Progettazione e Architettura

L'ultima opera di Roland Carta a Marsiglia. Musica e cultura nel vecchio silo del grano

Paola Pierotti

Se gli olandesi Mvrdv a Copenhagen hanno recuperto due silos del grano "aggrappando" un sistema di alloggi e trasformando la struttura inutilizzata in un edificio, privato, residenziale; l'architetto Roland Carta a Marsiglia ha riconvertito un silo del grano, usato per il deposito del grano che veniva caricato e caricato dalle navi, ma inutilizzato per vent'anni, in un centro polifunzionale complesso. Al suo interno ci sono uffici, un grande auditorium per la musica, spazi per mostre temporaneee e un ristorante panoramico.

L'architetto Roland Carta (C+T Arquitectes) si è aggiudicato la progettazione di questo edificio vincendo un concorso internazionale nel 2004 e a fine 2011 ha inaugurato uno dei landmark della nuova Marsiglia poco lontano dalla torre di Zaha Hadid (costruita nel 2007 per la compagnia marittima CMA CGM) e dai Docks in via di rivitalizzazione grazie ad un progetto made in Italy firmato dai genovesi 5+1AA.

Il progetto di Carta è un unicum che può diventare modello per tante altre operazioni di riconversione del patrimonio industriale e per altri waterfront (anche in Italia).
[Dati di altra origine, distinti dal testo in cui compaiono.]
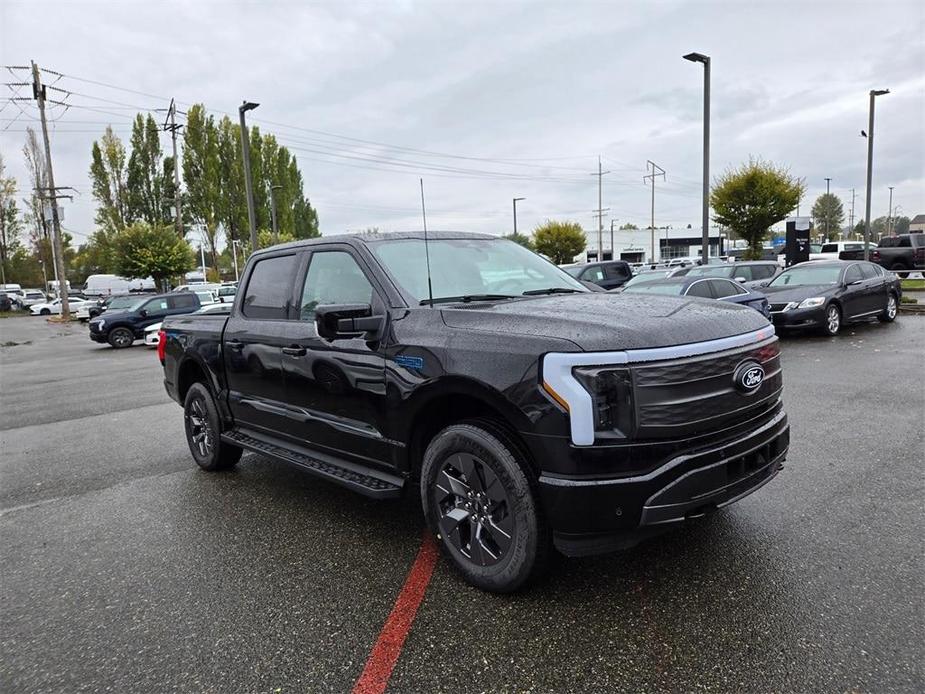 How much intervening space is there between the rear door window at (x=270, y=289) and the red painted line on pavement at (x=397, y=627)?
1983 mm

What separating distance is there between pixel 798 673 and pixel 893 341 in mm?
11280

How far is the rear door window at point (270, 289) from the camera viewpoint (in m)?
4.52

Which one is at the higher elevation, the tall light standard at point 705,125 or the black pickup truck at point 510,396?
the tall light standard at point 705,125

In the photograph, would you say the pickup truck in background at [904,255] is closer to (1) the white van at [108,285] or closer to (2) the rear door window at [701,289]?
(2) the rear door window at [701,289]

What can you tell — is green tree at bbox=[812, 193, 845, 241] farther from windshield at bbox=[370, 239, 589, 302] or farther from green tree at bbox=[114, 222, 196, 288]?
windshield at bbox=[370, 239, 589, 302]

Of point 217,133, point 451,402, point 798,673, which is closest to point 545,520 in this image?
point 451,402

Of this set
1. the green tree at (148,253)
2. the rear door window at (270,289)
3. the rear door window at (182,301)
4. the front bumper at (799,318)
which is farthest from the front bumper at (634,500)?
the green tree at (148,253)

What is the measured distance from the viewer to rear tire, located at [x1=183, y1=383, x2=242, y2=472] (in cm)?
527

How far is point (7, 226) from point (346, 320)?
72.4m

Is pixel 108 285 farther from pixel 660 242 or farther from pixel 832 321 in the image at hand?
pixel 660 242

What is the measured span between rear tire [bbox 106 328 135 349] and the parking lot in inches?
613

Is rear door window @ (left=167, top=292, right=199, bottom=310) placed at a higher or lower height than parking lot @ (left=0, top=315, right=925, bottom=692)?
higher

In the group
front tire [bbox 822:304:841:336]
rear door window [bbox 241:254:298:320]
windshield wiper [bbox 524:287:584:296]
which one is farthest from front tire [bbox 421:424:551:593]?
front tire [bbox 822:304:841:336]

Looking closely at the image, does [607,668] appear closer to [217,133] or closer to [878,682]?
[878,682] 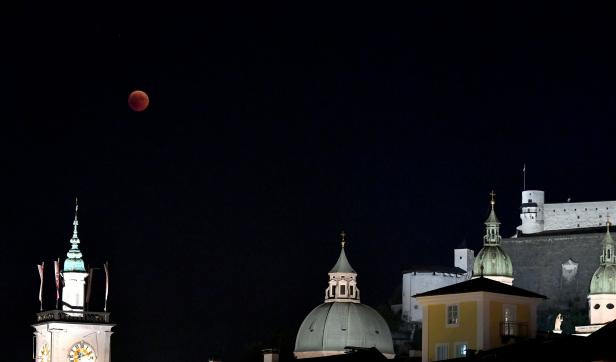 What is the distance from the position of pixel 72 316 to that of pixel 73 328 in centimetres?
61

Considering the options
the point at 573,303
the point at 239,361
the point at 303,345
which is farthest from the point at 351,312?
the point at 573,303

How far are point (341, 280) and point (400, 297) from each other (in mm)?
55886

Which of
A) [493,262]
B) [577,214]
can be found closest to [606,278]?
[493,262]

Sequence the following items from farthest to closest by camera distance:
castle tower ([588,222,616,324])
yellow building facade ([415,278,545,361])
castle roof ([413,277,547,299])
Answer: castle tower ([588,222,616,324]) < castle roof ([413,277,547,299]) < yellow building facade ([415,278,545,361])

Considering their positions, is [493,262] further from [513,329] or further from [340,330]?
[513,329]

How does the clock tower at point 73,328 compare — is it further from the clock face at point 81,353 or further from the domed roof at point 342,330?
the domed roof at point 342,330

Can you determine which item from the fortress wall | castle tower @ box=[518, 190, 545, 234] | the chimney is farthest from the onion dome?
the chimney

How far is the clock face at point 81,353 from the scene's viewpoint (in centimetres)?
10088

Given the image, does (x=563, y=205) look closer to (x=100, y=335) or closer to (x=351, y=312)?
(x=351, y=312)

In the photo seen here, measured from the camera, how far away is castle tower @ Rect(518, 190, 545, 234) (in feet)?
582

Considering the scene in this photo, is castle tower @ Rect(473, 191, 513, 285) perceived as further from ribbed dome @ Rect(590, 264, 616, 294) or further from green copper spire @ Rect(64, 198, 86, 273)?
green copper spire @ Rect(64, 198, 86, 273)

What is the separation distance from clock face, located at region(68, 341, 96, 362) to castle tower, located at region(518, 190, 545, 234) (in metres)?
80.7

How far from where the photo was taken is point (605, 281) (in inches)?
4904

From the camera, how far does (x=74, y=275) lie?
102812mm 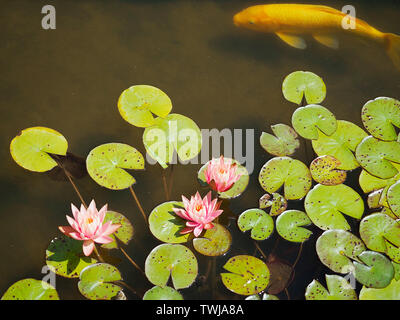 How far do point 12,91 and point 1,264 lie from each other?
81 centimetres

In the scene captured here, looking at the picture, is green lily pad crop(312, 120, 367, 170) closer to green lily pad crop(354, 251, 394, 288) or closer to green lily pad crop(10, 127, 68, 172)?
green lily pad crop(354, 251, 394, 288)

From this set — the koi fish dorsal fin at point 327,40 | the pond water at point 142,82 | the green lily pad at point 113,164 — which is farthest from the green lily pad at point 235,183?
the koi fish dorsal fin at point 327,40

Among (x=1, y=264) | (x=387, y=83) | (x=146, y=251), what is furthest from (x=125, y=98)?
(x=387, y=83)

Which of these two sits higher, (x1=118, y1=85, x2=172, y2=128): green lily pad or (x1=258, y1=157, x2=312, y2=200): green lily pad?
(x1=118, y1=85, x2=172, y2=128): green lily pad

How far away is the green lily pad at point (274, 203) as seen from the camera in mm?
1541

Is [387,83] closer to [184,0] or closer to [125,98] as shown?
[184,0]

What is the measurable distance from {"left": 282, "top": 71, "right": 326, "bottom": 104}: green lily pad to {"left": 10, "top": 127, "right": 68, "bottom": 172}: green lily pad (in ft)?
3.29

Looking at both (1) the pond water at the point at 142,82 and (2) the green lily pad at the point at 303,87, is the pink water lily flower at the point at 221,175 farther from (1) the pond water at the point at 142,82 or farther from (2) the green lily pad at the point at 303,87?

Un progetto di forte potenzialità nonostante un'apparente posizione ‘precaria' trovandosi di fatto tra l'autostrada e il porto.

All'edificio si accede da una rampa pedonale sopraelevata e sempre all'esterno è ben visibile il montacarichi che è stato riabilitato e usato per far salire i materiali delle scenografie che serviranno nell'auditorium.

Nella sala per la musica, l'acustica è stata una delle grandi sfide del progetto avendo dovuto procedere con continui compromessi per mantenere inalterate le forme e le proporzioni dell'edificio esistente.

All'interno dei cilindri che ospitavano il grano, Carta ha ricavato i ballatoi, e queste «cellule» sono rimaste visibili anche nel salone di ingresso dove, «come mammelle», una serie di coni sembrano perforare il soffitto.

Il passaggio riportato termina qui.